**DATA EXTRACT:**
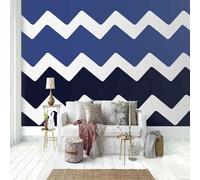 Minimalist Blue White Wave Stripe 3D Wallpaper Luxury Home Dining Decor Paste Sofa Living Room The Wall for Bedroom Mural-250cm×170cm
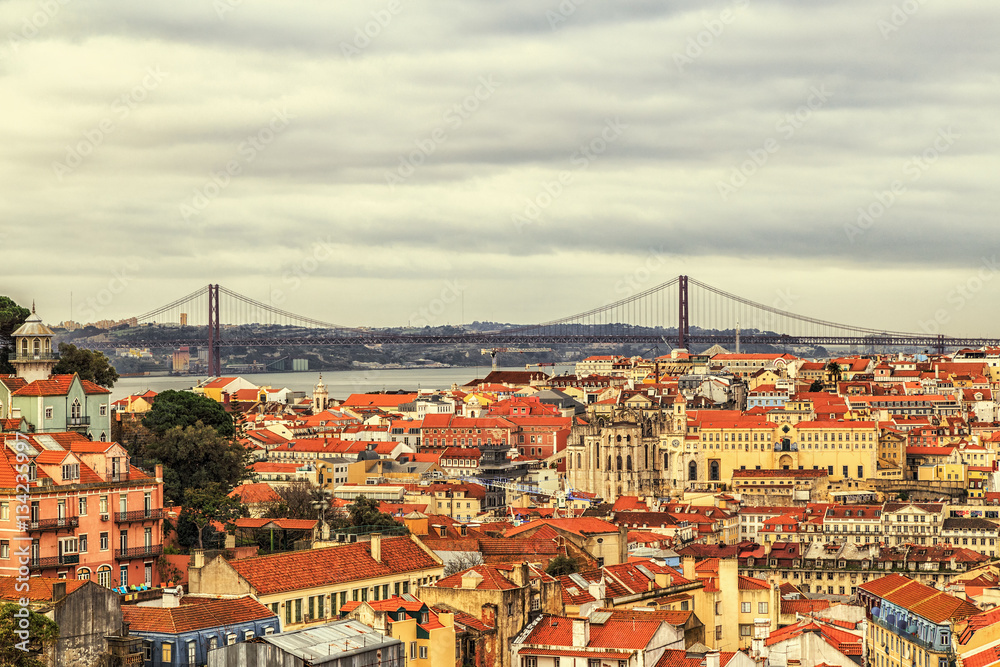 A view of the Alfama downtown, Lisbon, Portugal.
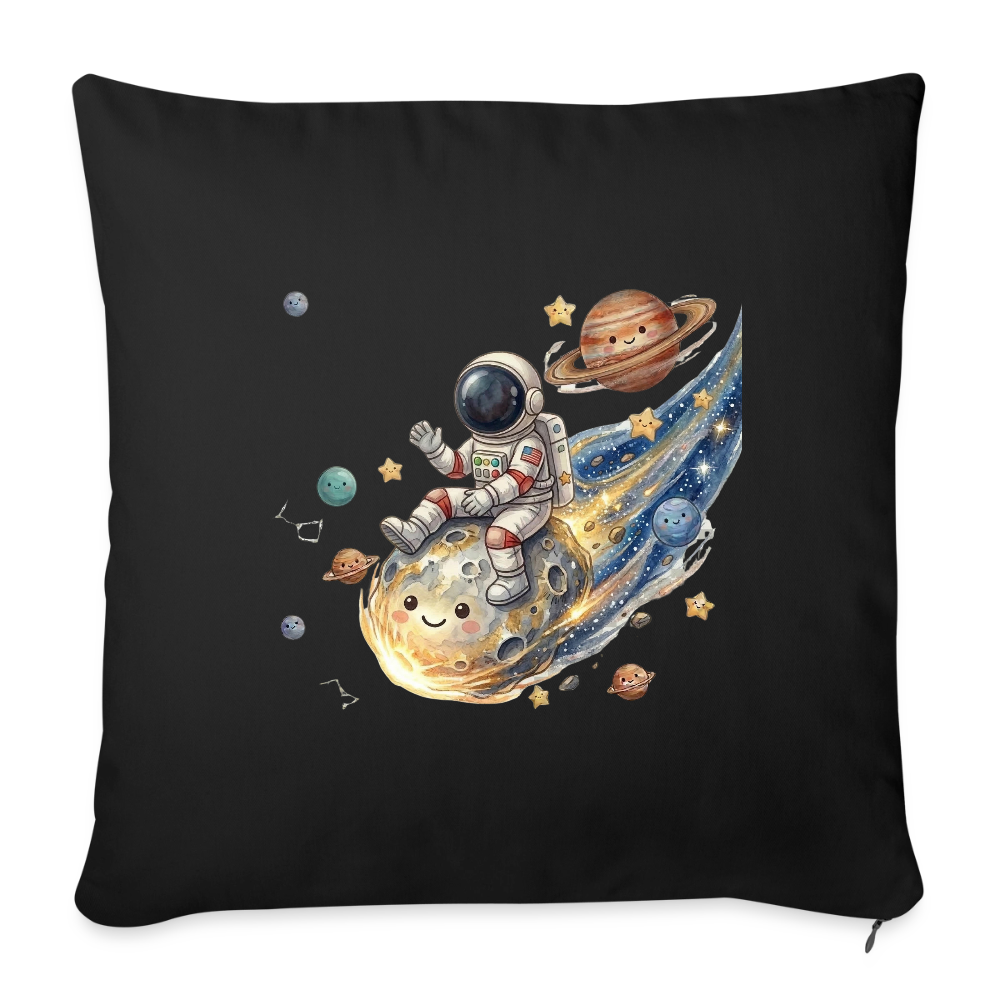 Kinderkissenbezug 44 x 44 cm Astronaut auf Asteroid - Schwarz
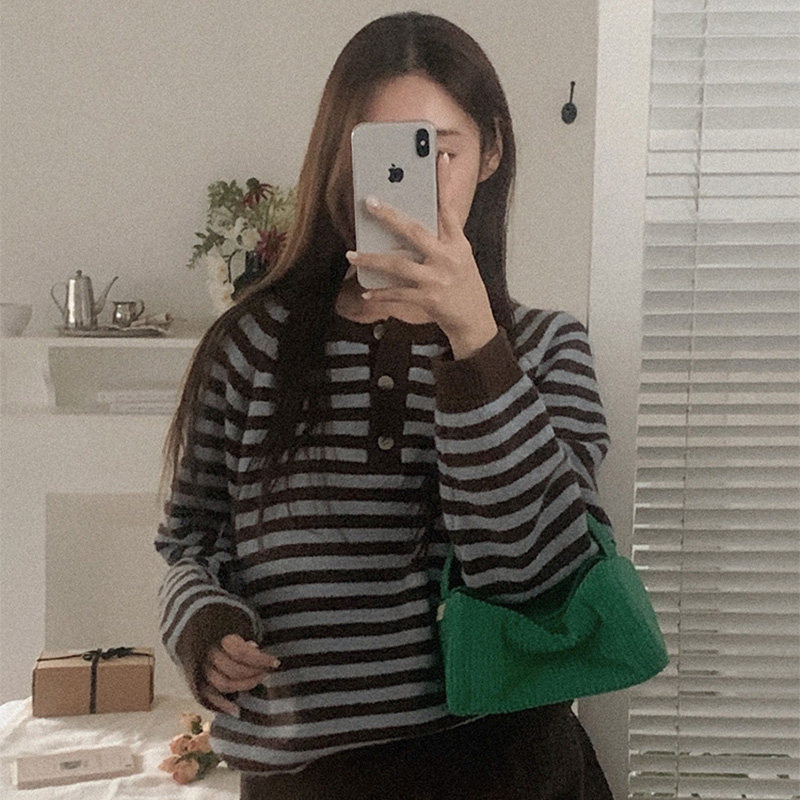韩国代购直邮Heylady春复古百搭风条纹圆领长袖套头显瘦织衫女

**TRY IT:** Every line from the one holding "Kinderkissenbezug 44 x" to the last line of the listing above, inclusive, must appear exactly as written, and no picture may appear.

**SOLUTION:**
 Kinderkissenbezug 44 x 44 cm Astronaut auf Asteroid - Schwarz
韩国代购直邮Heylady春复古百搭风条纹圆领长袖套头显瘦织衫女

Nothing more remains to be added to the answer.